How long?

How long, Lord, am I to cry for help while you will not listen;to cry "Oppression" in your ear and you will not save? Habakkuk voices a mood that people have often felt in human history and we feel today in Zimbabwe. Why do we go on suffering year after year without any intervention from our God who loves us?


I met strong dissent two days ago when I suggested that Ian Smith has some responsibility for the present situation. ‘It has nothing to do with Smith,’ I was told, ‘it is all the responsibility of the present government.’ Certainly the government could act far more wisely and compassionately than they are doing but we cannot escape the history that formed us for good or ill.

Smith himself flourished for a time because he rode on the crest of a wave of feeling that had been growing among his constituents for decades. He played on the fears of the minority who were the ones at that time who had the vote. The long history of segregation from the late twenties and early thirties bred a fertile seed bed for the Rhodesian Front. The settlers who made the early decisions to turn their back on working with the sons and daughters of the soil – and exclude them from a meaningful partnership – are the ones who set the trend. Smith was the logical heir of such decisions.

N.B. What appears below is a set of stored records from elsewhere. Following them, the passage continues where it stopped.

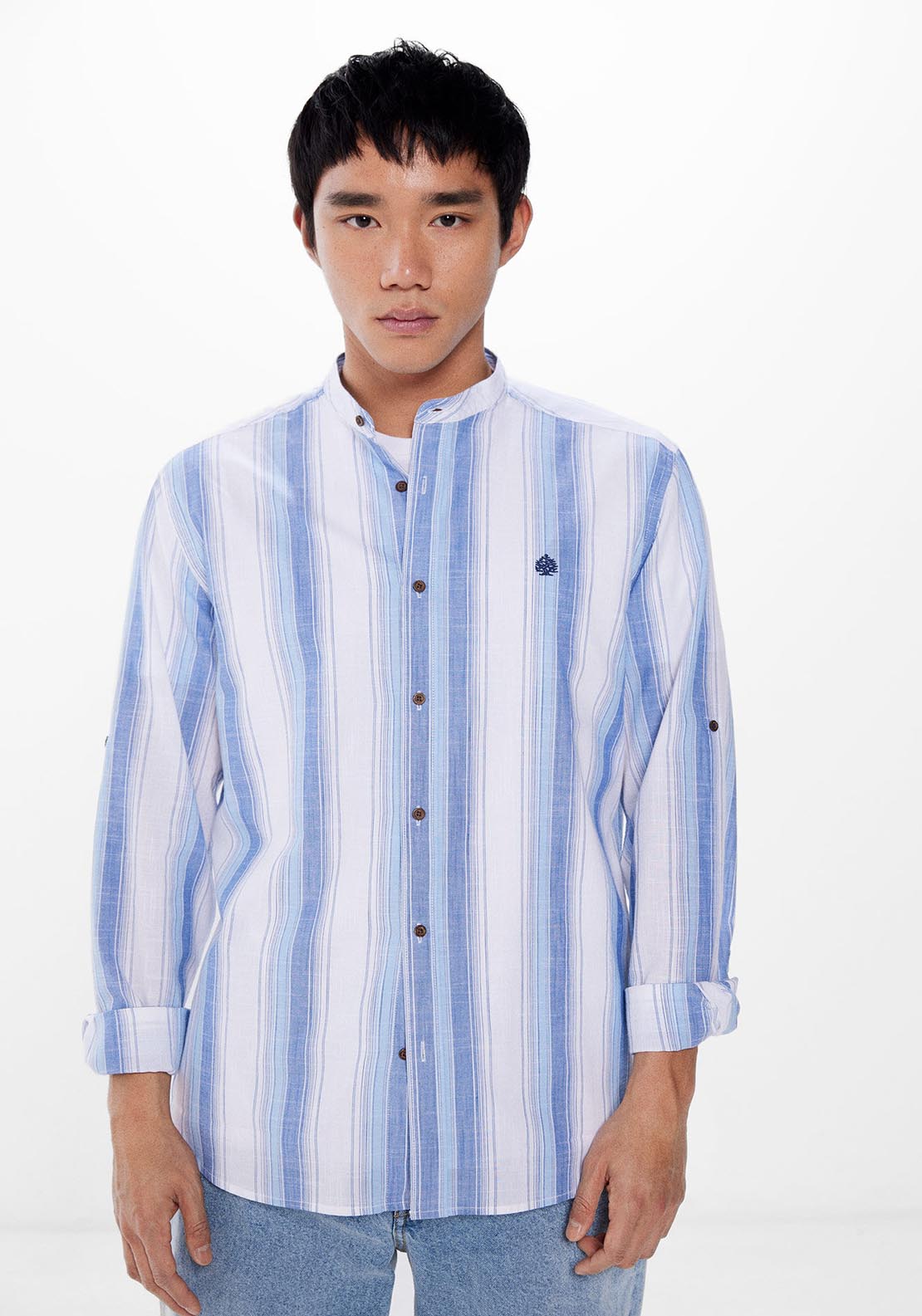 Springfield Long Sleeve Mao Stripe Shirt - Blue 2 Shaws Department Stores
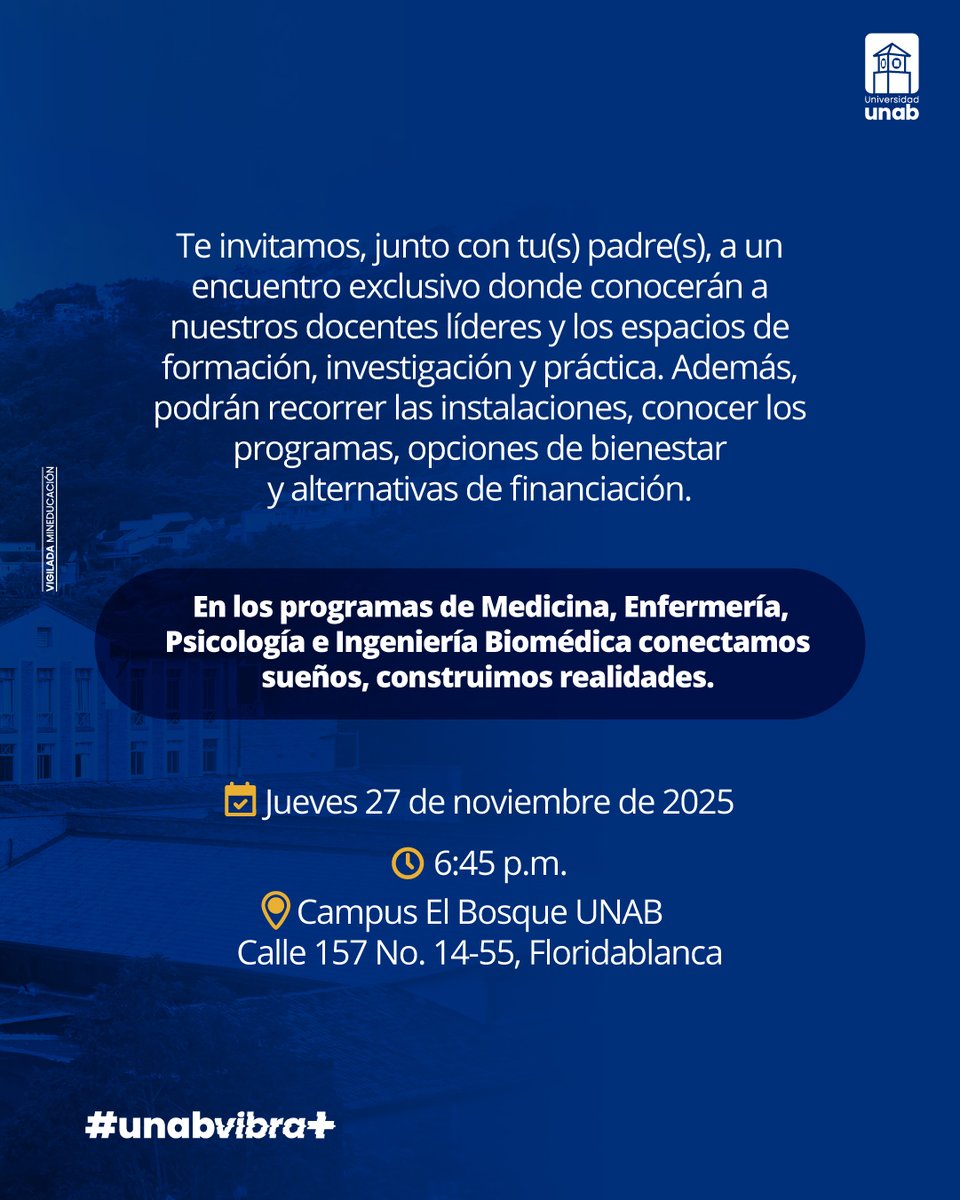 ¡Vive la experiencia UNAB desde adentro 😃! En #FamiliasEnLaU descubrirán juntos nuestras carreras en Medicina, Psicología, Enfermería e Ingeniería Biomédica.

Agenda tu visita aquí ➡️: bit.ly/4qSzyZP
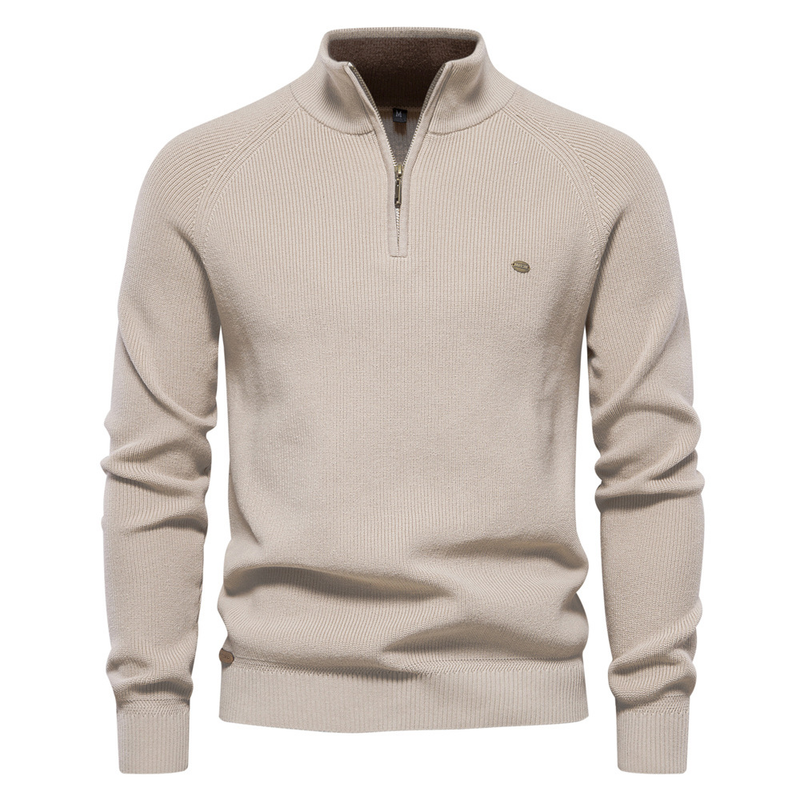 Nieuwe herfst- en wintertrui voor heren in Europese maat, heren met lange mouwen, halve rits, opstaande kraag, effen kleur, casual trendtrui die bij elkaar past_voghion.com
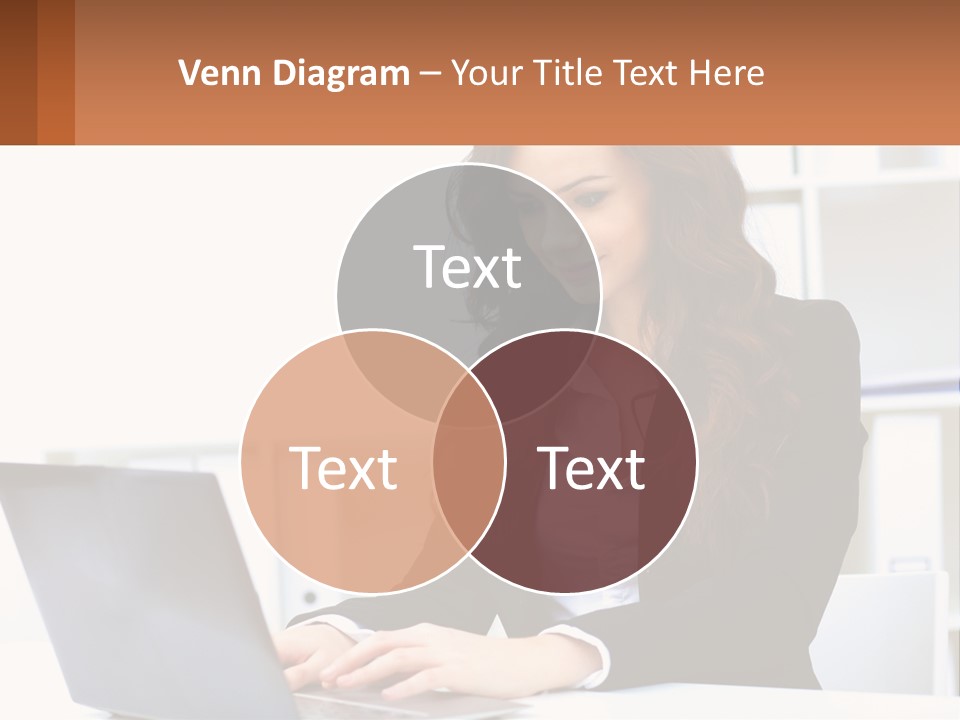 A Woman Sitting At A Desk With A Laptop PowerPoint Template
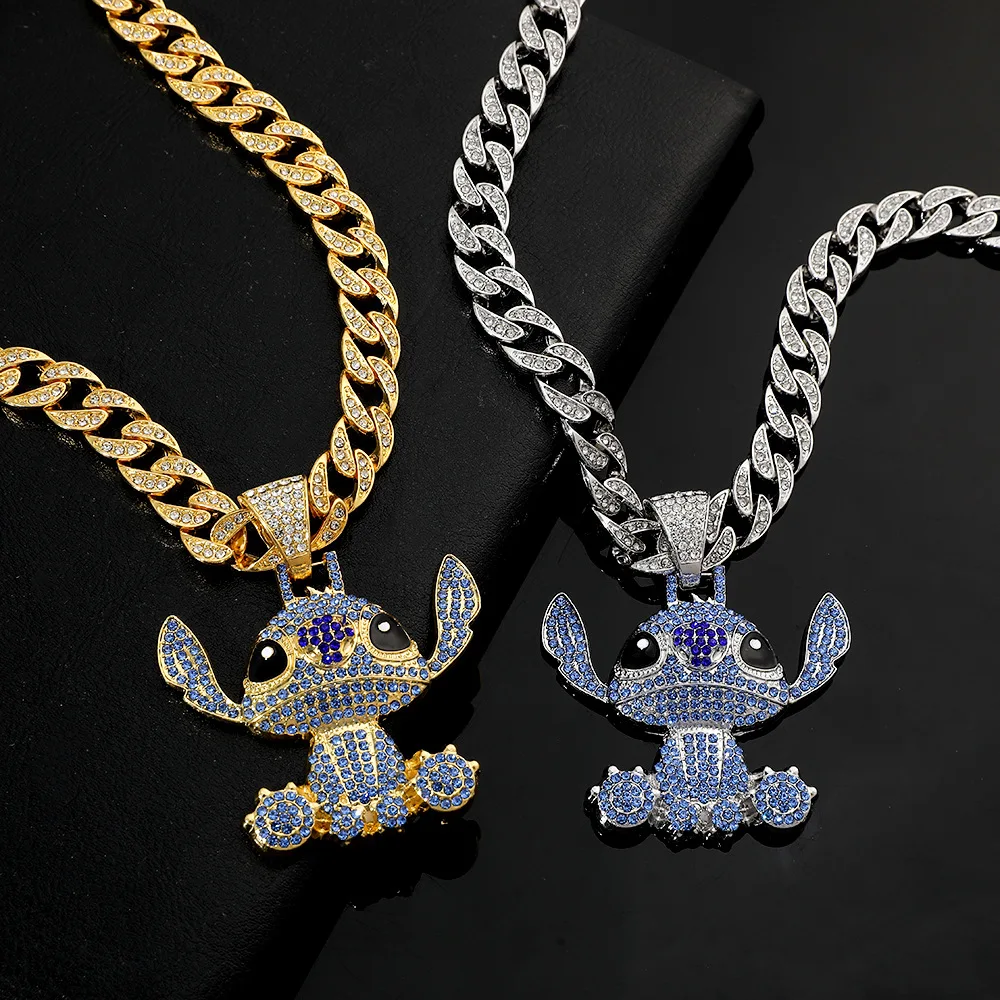 collana girocollo Stitch Disney per uomo e donna Collana con ciondolo cubano punto diamante accessori personalizzati Halloween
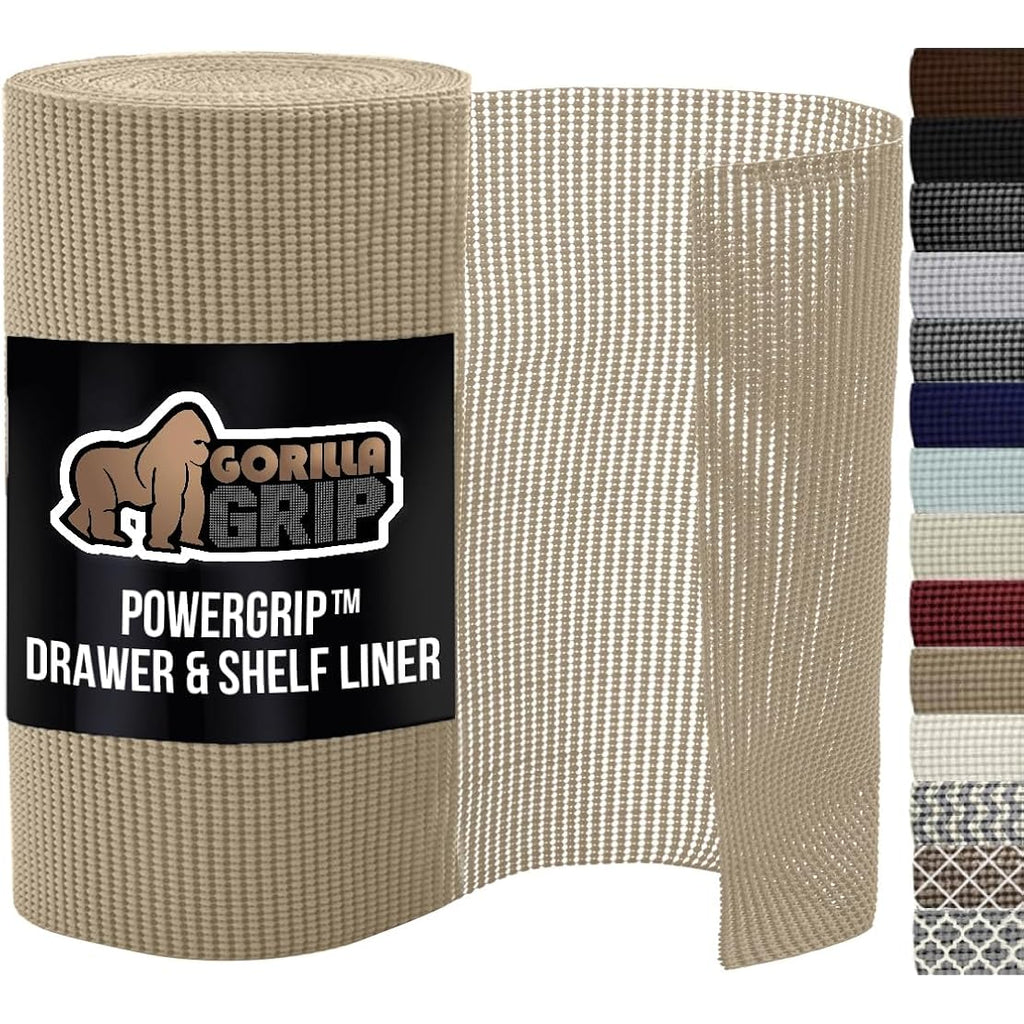 GORILLA GRIP powerGRIP Drawer Shelf and Cabinet Liner, Thick Strong Hold, Non-Adhesive Liners Protect Kitchen Cabinets and Cupboard, Bathroom Drawers, Easy Install, Breathable Mat, 12" x10', Beige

Blaming Smith now is a fairly fruitless exercise but assigning him some responsibility helps to understand the present. Because he was such a particularly intransigent expression of the trend set long before he was very hard to remove. In the end the people of the land decided they could only win freedom by force. But here again there were heirs and our present leader is the principal one. Intransigence can only be removed by force, he concluded, but in the process he learnt all the ways of intransigence – and force.
So we are back where we were 20 years ago and again our leaders aren’t listening to the people. The difference this time is that no one wants to remove them by force. We want to do it peacefully as they did recently in Sierra Leone where an unpopular government was simply voted out office. Yet it will not be that easy. The old habits, learnt from Smith – foremost among them, intransigence – persist.

So what else does Habakkuk have to say? A little further he has this, ‘the upright person will live by his faithfulness.’ Faithfulness! What is that? It is a quality of attention and patience that looks for solutions everywhere but does not lose hope when there seems to be none immediately in sight.